The end of the school day was a very stressful time. I would shake and my heart would race and I could hear it beating in my chest. I was unable to bring myself to leave my classroom door or trust anyone else to see my class home safely. I saw my children home safely myself every single day. The only person I felt I could trust (if I was otherwise engaged in other teaching responsibilities) was my Lebanese teaching assistant, although I was constantly worried about the repercussions of child being lost or taken.
On several occasions, we heard of men disguising themselves in the Burqa and Hijab (veil), clad in black from head to toe and wearing ladies shoes, attempting to kidnap young children from schools for organ donation which would be sold to friends, acquaintances and family in other parts of the world. This was shocking and outrageous and caused much condemnation among me and my colleagues. The criminals carrying out these disgusting deeds were part of a sophisticated underworld that somehow secured much personal information about a particular child in a particular school and often managed to get by school security and arrive at the classroom door. As teachers and carers, no matter how worried and stressed we were, we could be nothing but vigilant, responsible and wise.
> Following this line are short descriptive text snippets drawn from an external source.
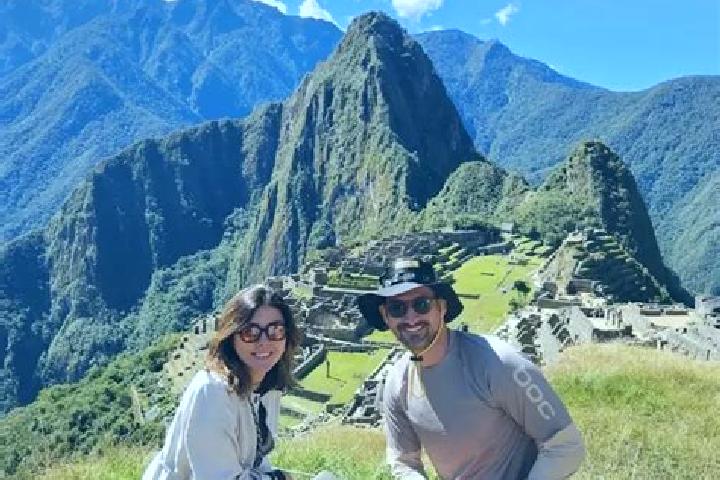 Escorts Jivia, Peru — Local Companions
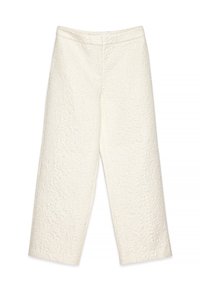 Pantalons larges blancs en tissu texturé avec un motif en relief, dotés d'une taille lisse et sans poches visibles.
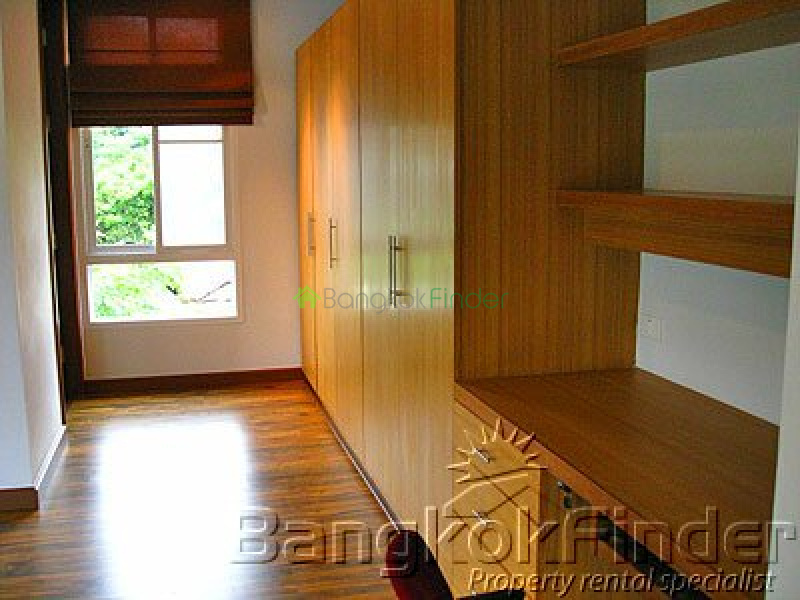 Pattanakarn, Pattanakarn, Bangkok, Thailand, 4 Bedrooms Bedrooms, ,5 BathroomsBathrooms,House,For Rent,Pattanakarn,948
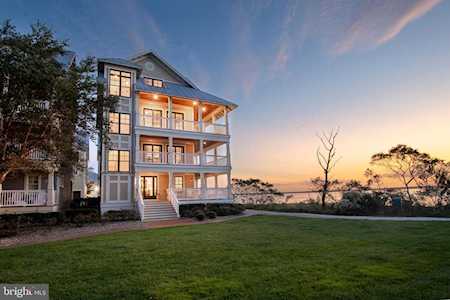 8 Beach Side Mews Ocean City, MD 21842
This was normal practice in this part of the world and this was the way it was. Terrifying and completely beyond my understanding, I found myself ever over cautious at my classroom door. I am pleased to tell you my children went home safely with the right adult at all times.

At the end of each day, as you can well imagine, a strong brew (with a mars bar) was always a welcome and relaxing interlude in the staffroom after all the children were safely reunited with their families.